··· Data listing ···

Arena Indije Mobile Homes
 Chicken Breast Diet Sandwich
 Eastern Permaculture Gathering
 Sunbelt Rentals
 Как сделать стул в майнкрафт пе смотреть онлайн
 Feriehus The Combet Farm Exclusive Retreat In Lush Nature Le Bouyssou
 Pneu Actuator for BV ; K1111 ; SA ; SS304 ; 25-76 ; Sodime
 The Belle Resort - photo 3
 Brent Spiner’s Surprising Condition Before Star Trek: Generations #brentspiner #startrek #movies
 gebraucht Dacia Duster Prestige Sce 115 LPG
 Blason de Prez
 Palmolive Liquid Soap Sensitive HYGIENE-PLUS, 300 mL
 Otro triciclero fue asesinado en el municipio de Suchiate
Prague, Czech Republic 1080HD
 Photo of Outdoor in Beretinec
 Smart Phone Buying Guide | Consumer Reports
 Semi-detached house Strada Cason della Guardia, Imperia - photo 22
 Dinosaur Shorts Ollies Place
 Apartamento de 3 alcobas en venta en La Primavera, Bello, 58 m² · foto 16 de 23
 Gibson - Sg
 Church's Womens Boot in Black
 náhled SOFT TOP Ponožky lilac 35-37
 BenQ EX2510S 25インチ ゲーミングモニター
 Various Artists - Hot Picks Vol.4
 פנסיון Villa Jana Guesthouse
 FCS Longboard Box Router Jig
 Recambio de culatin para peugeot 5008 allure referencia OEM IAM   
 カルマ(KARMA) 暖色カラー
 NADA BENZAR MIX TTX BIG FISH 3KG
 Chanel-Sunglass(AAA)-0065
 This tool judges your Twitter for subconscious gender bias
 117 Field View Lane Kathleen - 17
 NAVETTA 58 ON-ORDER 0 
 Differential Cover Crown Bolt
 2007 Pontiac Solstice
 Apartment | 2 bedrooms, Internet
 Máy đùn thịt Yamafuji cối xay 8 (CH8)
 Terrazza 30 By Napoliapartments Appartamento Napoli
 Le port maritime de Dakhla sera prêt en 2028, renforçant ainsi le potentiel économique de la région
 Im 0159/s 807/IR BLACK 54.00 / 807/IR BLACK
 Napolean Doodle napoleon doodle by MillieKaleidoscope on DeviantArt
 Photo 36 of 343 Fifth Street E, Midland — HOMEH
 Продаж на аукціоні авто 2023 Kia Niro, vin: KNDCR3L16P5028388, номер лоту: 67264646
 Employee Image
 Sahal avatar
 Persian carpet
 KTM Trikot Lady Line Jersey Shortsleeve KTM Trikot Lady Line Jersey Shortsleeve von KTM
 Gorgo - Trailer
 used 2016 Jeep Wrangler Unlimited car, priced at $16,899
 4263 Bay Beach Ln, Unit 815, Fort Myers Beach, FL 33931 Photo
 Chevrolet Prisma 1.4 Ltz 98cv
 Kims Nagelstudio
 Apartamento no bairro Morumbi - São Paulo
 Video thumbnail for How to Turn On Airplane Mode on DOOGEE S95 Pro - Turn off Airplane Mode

···

For each line above that carries the word "Apartamento", copy it out.

Written response:
 Apartamento de 3 alcobas en venta en La Primavera, Bello, 58 m² · foto 16 de 23
 Apartamento no bairro Morumbi - São Paulo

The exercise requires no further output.